Run from your husband and Tom guy. Why would you trust him about affair? Do you have any proof or do you have only his word.

Tell the wife of this Tom guy. She deserves to know.

I think you are feeling naughty about this blackmail thing.


----------



## Thound (Jan 20, 2013)

Roselyn said:


> What are Penthouse Letters?


Sorry I didn't mean to quote you, and my IPad died before I could correct it.


----------



## soccermom2three (Jan 4, 2013)

I always wonder why we need to know their names.


----------



## Thound (Jan 20, 2013)

Roselyn said:


> What are Penthouse Letters?


Penthouse magazine used to have a section called letters where people would send in their sexual experiences. A lot of times they would open with "dear Penthouse letters"


----------



## MJJEAN (Jun 26, 2015)

Thound said:


> Penthouse magazine used to have a section called letters where people would send in their sexual experiences. A lot of times they would open with "dear Penthouse letters"
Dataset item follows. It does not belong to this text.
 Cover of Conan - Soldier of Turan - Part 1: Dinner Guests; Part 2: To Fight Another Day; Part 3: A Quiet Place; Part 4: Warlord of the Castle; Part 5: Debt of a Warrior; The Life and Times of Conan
The letters were designed to titillate and were frequently so outrageous that most readers are pretty sure the letters were more fiction than fact. But we'd all read those letters anyways because who doesn't like a good story?


----------



## aine (Feb 15, 2014)

Really? this all sounds like fiction to me.
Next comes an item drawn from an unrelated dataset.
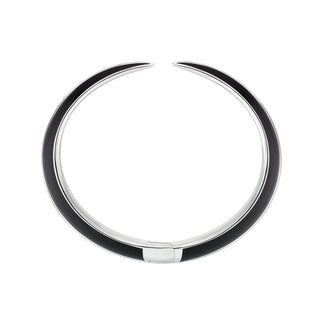 Shaun Leane Silver Sabre Deco Black Ceramic Bangle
If not, you know what to do. Dump him and move on


----------



## MattMatt (May 19, 2012)

Dump him. Now. Very fast. 

There is hope for you. But no hope for your husband in my opinion.
_Posted via Mobile Device_


----------



## sungazer (Nov 3, 2015)

KWhitehouse said:


> I still love him
> ........
> I'm getting back at my husband for everything he's done to me and everything he hasn't.
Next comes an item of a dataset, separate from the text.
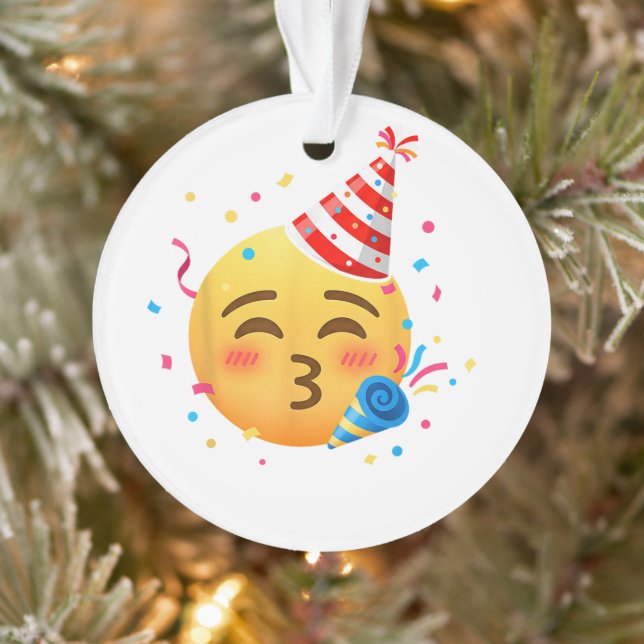 Funny Emoticon Party Ornament (Baum)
These are two mutually exclusive statements. 

You don't love him. You blame him for everything that didn't happen in your life. Your love for him is a convenient explanation of your current situation, where you neither work, nor raise kids. Those were YOUR choices even if it was him asking you for certain things and actions. 

I am sorry, but I don't think you have any future with your H. Even if he never finds out about Tom, he is checking out and will be leaving you rather sooner than later. 

I am not trying to hurt you. I just think this is the case.


----------



## ThePheonix (Jan 3, 2013)

Such as this is why I'm against an older broad marrying a younger guy. ( of course its fine and even better if its the other way around) With eleven years difference, you can only imagine how its going to be when you're 65, and Tom is no longer interest, he'll be 54 and some hot 40 year old chick will be melting in his arms and willfully doing what you are forced to do to Tom.
You need to divorce him, get your teaching job back, and next time don't rob the cradle when picking a husband. Find one a few years older and both you and he will be better off and happier for it.
Remember men like and are happier with younger chicks. Therefore it follows that when it comes to woman wanting to be cougars with younger husbands/boyfriends, remember men like and will gravitate towards younger chicks.


----------



## Thound (Jan 20, 2013)

On the outside chance this story is true, did you ever stop to think Tom was lying to you to get in your pants? Did the picture show your husband banging this other chick?
_Posted via Mobile Device_


----------